Before I leave on my 3 mile afternoon walks with Tesla, Steve usually says, “Walk carefully.” I make fun of him for worrying so much. It’s not like I’m bike riding. But maybe he remembers the time I was bike riding and ducked under some hanging vines, and managed to flip over the handlebars onto my head and other extremities. Or maybe he remembers the time I was jogging in the neighborhood and managed to break my hand. Think about that one for a minute. Or maybe he remembers when I broke my foot playing volleyball. Perhaps it was the time I broke my nose doing hurdles that gives him pause. Are you noticing a trend here?
Wednesday this week I went for my walk and Steve didn’t say, “Walk carefully.” Queue the ominous music. I was about a mile from home when I managed to trip on the tiny little lip that’s left after they make a wheelchair ramp up onto the sidewalk. I’m pretty sure I rolled my left shoulder forward so I hit my upper arm first (based on how sore my arm is), but that still left enough room for my neck to snap and hit my head on the concrete.
Before I get to the tech part of the story, let me assure you that I am fine. So back to our story:
When I go on my walks, Steve likes to catch up on a good science fiction novel. He likes to read lying down. It’s inexplicable, but somehow this “reading” often turns into a nap. I suspect it might be part of the plan, because he puts the landline phone in another room before he lies down. He also puts his iPhone into Do Not Disturb and places it in the other room.
So anyway, here I am with blood dripping down my face. A nice woman named Chica, in front of whose house I just crashed, is administering first aid to me. I had the presence of mind to call home, but of course the landline phone is in another room so it doesn’t wake Steve up.
I then called his iPhone and to my surprise and relief, he answered my call for help and rushed to my aid. Now remember I said his iPhone was in Do Not Disturb mode?
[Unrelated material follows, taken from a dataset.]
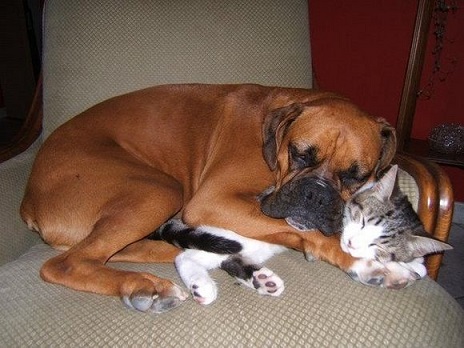 Boxer cuddles with cat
How did he know I was calling?
Apple’s Contacts app for the iPhone allows you to add people to your Favorites list. Then in the Do Not Disturb settings on the iPhone you can choose to allow it to let calls through from your Favorites.
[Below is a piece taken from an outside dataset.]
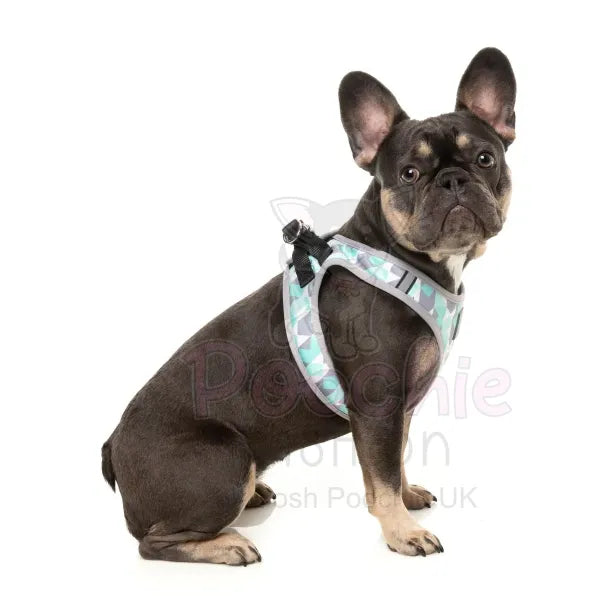 Mint Fizz Step in Dog Harness by Fuzzyard - Fuzzyard - 4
But his iPhone was outside the room and muted as well, so how did he get my call? One piece of tech was still connected to him, and that was his Apple Watch. Since his iPhone was in Do Not Disturb, that also put his Apple Watch in Do Not Disturb, but the watch still gave him a gentle tap on the wrist because I’m his Favorite. He woke up, tapped the watch to answer the call and heard my plea for help.
If you want to get calls from your loved ones in an emergency, go to each person’s contact, tap on Edit and then hit the Add to Favorites button. Then open up Settings, select Do Not Disturb, and then select Allow Calls From. In this window you can set it to Everyone, No one, or Favorites. You’ll also notice that you can select Groups instead of favorites.
Because Favorites doubles as speed dial on the iPhone, I have my local pizza joint in that list. If you’re like me, it might make sense to create a group called Disturb Me, or Really Favorites, or My Main Peeps, and then add that group to Do Not Disturb.
I assure you that I’m healing up fine, in spite of the rather gruesome photo I included in the blog post and I’m sure glad Steve had me in his Favorites, and that he has an Apple Watch.